Unsolicited Advice to Lawyers with Associates

Since I joined the LCL staff in 1998, I have personally seen 2 or 3 lawyers a year who come in distressed, and often depressed, with regard to their role as associate in a law firm. In some cases, they function as sole underling to a seasoned veteran who has taken them into an otherwise solo or small practice. In other cases, they are making a big income with a giant and prestigious firm. In either situation, the associates that I see (who are, of course, self-selecting to come to LCL) are struggling to keep their heads above water.

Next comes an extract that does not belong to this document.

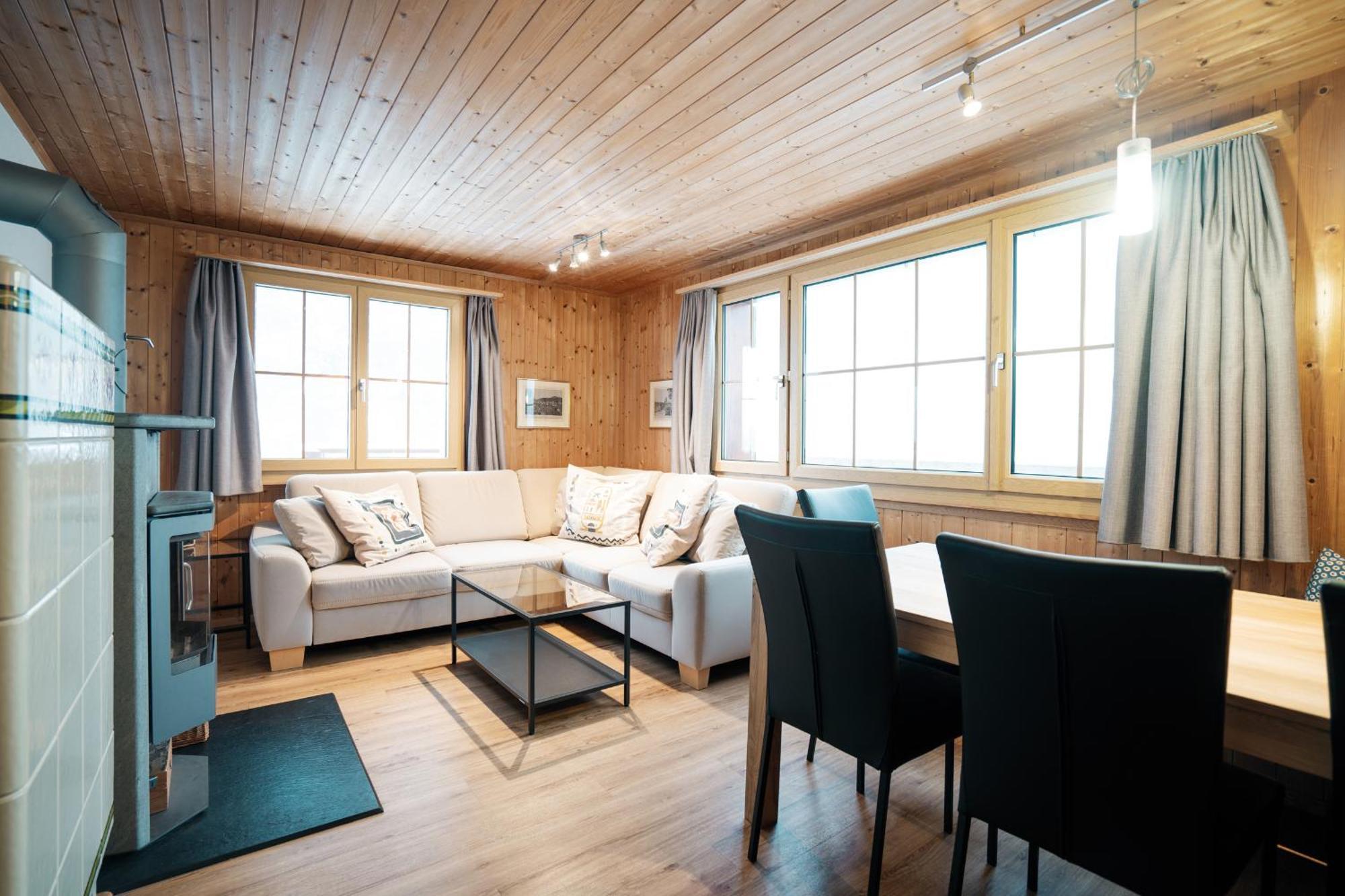 Chalet Chapfwald Amden Exterior foto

They complain that they feel swamped with work demands, but ill-equipped to do a good job. The more senior attorneys to whom they answer are quick to point out the associates’ errors, but mostly unavailable to provide guidance. (In some cases, their “door is always open,” but on most given occasions they are too busy.) In a small practice, the associate is sometimes in the predicament of having to try to juggle many different kinds of cases at once, all of them with little previous experience, further reducing their chances of attaining mastery. They have little or no say about how they are to spend their time or how a case is to be addressed (i.e., the senior attorney expects that it will be handled just as s/he would have done). Many of these individuals were highly successful in law school and now feel much less competent, humbled if not humiliated.

Some of these associates blame the seemingly uncaring boss to whom they answer. Others blame themselves. Either way, as their mood declines, so does their productivity. They respond by working more hours. As their home lives or social lives deteriorate, their lives become less balanced and they are less able to function in a healthy way. Eventually, they either make it through this “rite of passage,” gradually master the needed skills, and re-achieve personal equilibrium, or they leave the firm. In some firms, large and small, the turnover rate is high.

From a psychologist’s point of view (and these thoughts are influenced by the writings of Dr. Martin Seligman, father of “positive psychology,” who has addressed himself to depression-promoting aspects of the lives of lawyers), if someone running a law firm wanted to keep the firm’s associate(s) happier and more productive, and to retain more of these newer lawyers for a longer period once they have learned the ropes, one might do some of the following:

• Provide actual mentoring, not just oversight. Take some time, even one uninterrupted hour a week, focused entirely on the associate’s questions, concerns, and ideas. The time you invest will likely pay for itself in the associate’s increased productivity, flowing not only from the concrete information and advice that you can provide, but also from his or her increased effort in response to sensing your support and interest.

• People are generally more productive (and happier) according to Seligman and others, not to mention common sense, when empowered to have a say in what they do (what he calls “decision latitude). That suggests that your associate will do better if there is some discussion about what s/he will do and how, and if the associate has a voice and choice in determining how their time will be spent. That is likely to include a chance to master certain kinds of tasks before plunging into others.

• Different associates are likely to have different strengths, based not only on past experience/learning but even more on personality and native talents. You can utilize a win-win strategy by noticing and capitalizing on their particular strengths, increasing their sense of efficacy and optimizing their contribution to the firm.

My sense is that such efforts will pay off in productivity, retention, interpersonal atmosphere, decreased conflict, etc. Meantime, LCL remains a consultative resource for those (at any level of the hierarchy) who find their work environments a source of stress and dysfunction.